The Cathedral was full, just completely chock full of older working class Catholics, and they already had the wafer part, and they were a little grumpy. I thought I heard someone say, under his breath, “not this guy.” I opened the tabernacle and there was a chalice and a crystal goblet. I chose the goblet. The wine looked a kind of light purple-brown color. It didn’t look like communion wine so I grabbed a bottle of the deep red stuff, and I heard someone say in the audience, “no, no, no, not that stuff.” I compromised and poured one into the other and then worried the other stuff might not have been wine. “Where’s the Chalice?” Dad (Don Draper) said, in only the way Don Draper can say stuff like that. I was panicked because the only part of the liturgy I could remember was “and also with you,” and I was pretty sure that was the audience response part and then I woke up.

 

So, I’m in Las Vegas, at the Bellagio, with a small parasol in my hand that I bought at the gift store for one of my granddaughters. The wind is just right, so I open it up and see if it will carry me aloft. It does. Not Mary Poppins style or anything, but just enough to sail around in front of the hotel entrance for a good 10 minutes, about 12 feet above the ground. It creates quite the stir. A farm guest recognizes me and laughs. I laugh. We chat as I float along above his head. I notice that by extending my legs, and turning my feet I can maneuver around a little, and rise or fall. When I touch down, someone says, “you could sell a hundred of those right now.” “You’re right,” I said, not terribly concerned about missing the opportunity to sell baby blue parasols in front of the Bellagio.

Buoyed by my ability to hover, and feeling something like a celebrity for it, I pick up my satchel, complicated cell phone case, and parasol and begin walking through the hotel grounds. In an open courtyard, I decide to consolidate my baggage, by opening up the big satchel, and stuffing it inside another interior satchel with parasol and complicated cell phone case. A young couple is going through their luggage near by. The young woman is crying about losing her wedding ring. It becomes apparent they think I have stolen their ring by doing this nonsense baggage maneuver, when, really, I just don’t want to be walking around the Bellagio with a baby blue parasol in my hand. I zip up the bags and leave, but the man follows me, making threats. I hit him over the head with my luggage, and this slows him down, but he keeps coming. I hit him once or twice more. We get to talking. I convince him I would never steal his wife’s ring, but I ask him for his business card, in the off chance, it fell into my luggage. I see from the card that he’s the senior pastor at a mega-church in Kansas.

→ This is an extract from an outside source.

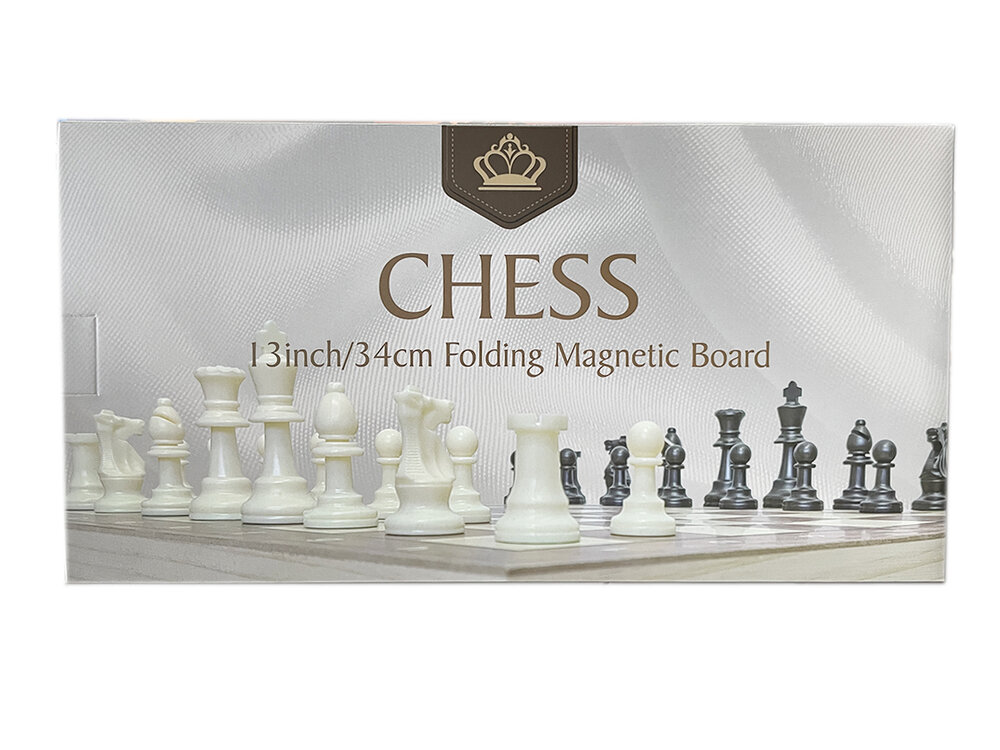 Magnetisch Schaakbord met Schaakstukken - Chess King - 34x34 cm - Schaakspel - Hout - Opklapbaar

I meet up with some friends and strangers and the same sort of luggage snafu occurs with baggage and cell phones going in every direction. We gather things up and decide to have a drink, but we get in a long line for a buffet instead. I meet my old dentist, who is in his late 90s now, but makes a totally acid funny joke about one of my FaceBook posts. His utter clarity of mind at age 99 is weirdly unnerving, and realizing this is just a buffet with a long line at that, I go looking for my friends, but they are missing. I realize I now have someone else’s phone in my hand. I have a little cash in my pocket so I find a bar stool and order a chardonnay. There is a language problem. The senior bar tender and the junior bar tender argue with each other. They bring me a shot glass with an egg yolk in it.

The horror of not having my actual phone wakes me up, but a thousand other things happened in this dream, including overhearing a beautiful English sales girl talk to her boss about a hat, with a ribbon on it, that I decided to buy for Mary.